This is an automated email from the ASF dual-hosted git repository.
chengpan pushed a commit to branch master
in repository https://gitbox.apache.org/repos/asf/kyuubi.git
The following commit(s) were added to refs/heads/master by this push:
new ecfca79328 [KYUUBI #7033] Treat YARN/Kubernetes application NOT_FOUND
as failed to prevent data quality issue
ecfca79328 is described below
commit ecfca79328c0c7add3154457e2f723b6c49e8782
Author: Wang, Fei <[email protected]>
AuthorDate: Sun Apr 27 21:09:08 2025 +0800
[KYUUBI #7033] Treat YARN/Kubernetes application NOT_FOUND as failed to
prevent data quality issue
### Why are the changes needed?
Currently, NOT_FOUND application stated is treated as a terminated but not
failed state.
It might cause some data quality issue if downstream application depends on
the batch state for data processing.
So, I think we should treat NOT_FOUND as a failed state instead.
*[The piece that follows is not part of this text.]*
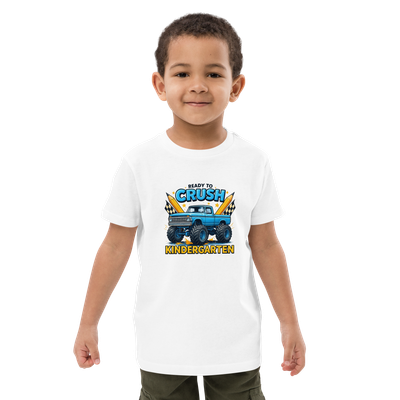 Young boy wearing a white “Ready to Crush Kindergarten” monster truck T-shirt for back-to-school.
Currently, we support 3 types of application manager.
1.
[JpsApplicationOperation](https://github.com/apache/kyuubi/blob/master/kyuubi-server/src/main/scala/org/apache/kyuubi/engine/JpsApplicationOperation.scala)
2.
[YarnApplicationOperation](https://github.com/apache/kyuubi/blob/master/kyuubi-server/src/main/scala/org/apache/kyuubi/engine/YarnApplicationOperation.scala)
3.
[KubernetesApplicationOperation](https://github.com/apache/kyuubi/blob/master/kyuubi-server/src/main/scala/org/apache/kyuubi/engine/KubernetesApplicationOperation.scala)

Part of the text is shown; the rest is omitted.